Habs gestern mal in der VM installiert. Läuft ansich sehr gut, hat auch gleich mein Windows 8 Profil importiert (inklusive Hintergrundbild xD). Die neue Startleiste ist eine gelungene Erweiterung. Hab die zwar nicht vermisst, aber mehr Möglichkeiten zu haben ist immer gut. Manches Einstellungen waren zwar nicht sofort zu finden, aber das ist ja eigentlich bei sogut wie jedem Windows gewesen, dass es kleine Umgewöhnung braucht.
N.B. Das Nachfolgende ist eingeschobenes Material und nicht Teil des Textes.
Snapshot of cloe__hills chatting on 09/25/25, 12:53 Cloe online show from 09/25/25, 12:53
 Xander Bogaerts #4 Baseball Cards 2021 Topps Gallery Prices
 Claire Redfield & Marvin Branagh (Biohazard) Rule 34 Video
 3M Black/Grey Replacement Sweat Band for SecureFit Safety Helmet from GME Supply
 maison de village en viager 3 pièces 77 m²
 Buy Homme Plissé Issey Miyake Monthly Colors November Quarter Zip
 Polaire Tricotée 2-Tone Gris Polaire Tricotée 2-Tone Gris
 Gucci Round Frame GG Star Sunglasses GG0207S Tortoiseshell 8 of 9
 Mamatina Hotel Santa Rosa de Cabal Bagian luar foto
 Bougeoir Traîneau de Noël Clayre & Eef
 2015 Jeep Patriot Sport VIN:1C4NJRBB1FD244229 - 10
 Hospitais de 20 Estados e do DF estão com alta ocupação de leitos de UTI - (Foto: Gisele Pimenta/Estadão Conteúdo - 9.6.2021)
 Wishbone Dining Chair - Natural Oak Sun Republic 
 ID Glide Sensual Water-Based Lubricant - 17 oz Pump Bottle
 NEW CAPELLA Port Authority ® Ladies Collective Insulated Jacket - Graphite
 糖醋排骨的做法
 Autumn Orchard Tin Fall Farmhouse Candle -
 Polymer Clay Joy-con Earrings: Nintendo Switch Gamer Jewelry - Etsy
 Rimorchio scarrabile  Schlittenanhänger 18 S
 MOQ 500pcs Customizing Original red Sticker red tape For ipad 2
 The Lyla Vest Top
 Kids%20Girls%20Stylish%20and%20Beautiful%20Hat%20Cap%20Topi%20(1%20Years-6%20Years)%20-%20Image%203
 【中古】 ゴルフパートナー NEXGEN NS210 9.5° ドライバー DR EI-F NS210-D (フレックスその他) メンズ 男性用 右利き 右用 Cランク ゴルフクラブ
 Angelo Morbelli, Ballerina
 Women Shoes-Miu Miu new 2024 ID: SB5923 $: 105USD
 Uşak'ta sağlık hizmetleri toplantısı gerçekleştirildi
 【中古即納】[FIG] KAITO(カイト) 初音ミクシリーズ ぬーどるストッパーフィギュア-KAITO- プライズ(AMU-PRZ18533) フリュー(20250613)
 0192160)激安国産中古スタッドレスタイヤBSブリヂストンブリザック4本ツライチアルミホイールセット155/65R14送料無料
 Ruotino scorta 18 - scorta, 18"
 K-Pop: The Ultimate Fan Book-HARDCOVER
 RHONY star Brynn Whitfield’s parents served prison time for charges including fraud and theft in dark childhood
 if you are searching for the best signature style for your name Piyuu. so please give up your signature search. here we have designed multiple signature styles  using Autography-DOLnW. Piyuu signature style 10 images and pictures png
Und da bei mir sowohl Vista, als auch 7 und 8 einwandfrei liefen bzw. laufen, werd ich wohl auch recht schnell umsteigen.


----------



## thisisnotagame (2. Oktober 2014)

Bin begeistert...
Zu windows10 die tiles des Startmenus lassen sich unpinnen,  wenn man dies macht hat man gar keine tiles mehr.
Und mit einem simplen klick auf die Taskleiste/Eigenschaften entdeckt der "Benutzer" einen Reiter  der sich Startmenu nennt 
wo sich das WIN8 Startmenu wieder einschalten lässt was ich persönlich dem kleinen bevorzuge.
Wer sich Windows10 Tech preview angeguickt hat oder mal wenigstens ein video von winfuture geschaut hat oder es wenigstens mal 5 minuten getestet hätte bevor wie bei win8 ohne erfahrung zu heulen würde das wissen.
Ein Kommentar wie: WIn8.1 identisch zu vista bedienen... das liegt wohl eher am Benutzer der vor dem PC sitzt und eines der schlechtesten BS mit einem der fortschrittlichsten vergleicht.
Da es nur eine TP ist und die GUI noch weiter verändert wird wie bei der Konferenz gesagt wurde bin ich gespannt auf die DP und CP. Soweit bin ich mit der Bedienung zufrieden finde es toll das man die WIn8 nutzer nicht aus lässt mit dem großen Startmenu was um einiges einfacher und übersichtlicher ist.
Die Multi Desktop funktion ist dann wirklich nützlich wenn man mehrere Programme und nur einen Monitor am laufen hat.( Und ja es ist wesentlich besser mehrere Desktops zu haben alst Alt-Tab zu nutzen denn so hat man eine direkte übersicht wenn man pinned ^_~ also gar nicht so dumm wie einige hier denken es steigert die produktivität immens.


----------



## USA911 (2. Oktober 2014)

thisisnotagame schrieb:


> Bin begeistert...
> Zu windows10 die tiles des Startmenus lassen sich unpinnen,  wenn man dies macht hat man gar keine tiles mehr.
> Und mit einem simplen klick auf die Taskleiste/Eigenschaften entdeckt der "Benutzer" einen Reiter  der sich Startmenu nennt
> wo sich das WIN8 Startmenu wieder einschalten lässt was ich persönlich dem kleinen bevorzuge.
> ...




Dennoch frage ich mich, warum sollte ich ein Betriebssystem für einen Desktop PC kaufen, was hauptsächlich für Mobile Geräte entwickelt wurde. Da wird meiner Meinung nach potential für Desktoprechner liegen gelassen.
Spekulation meinerseits: Das erkennt man an der schwachen Datenverarbeitungsleistung.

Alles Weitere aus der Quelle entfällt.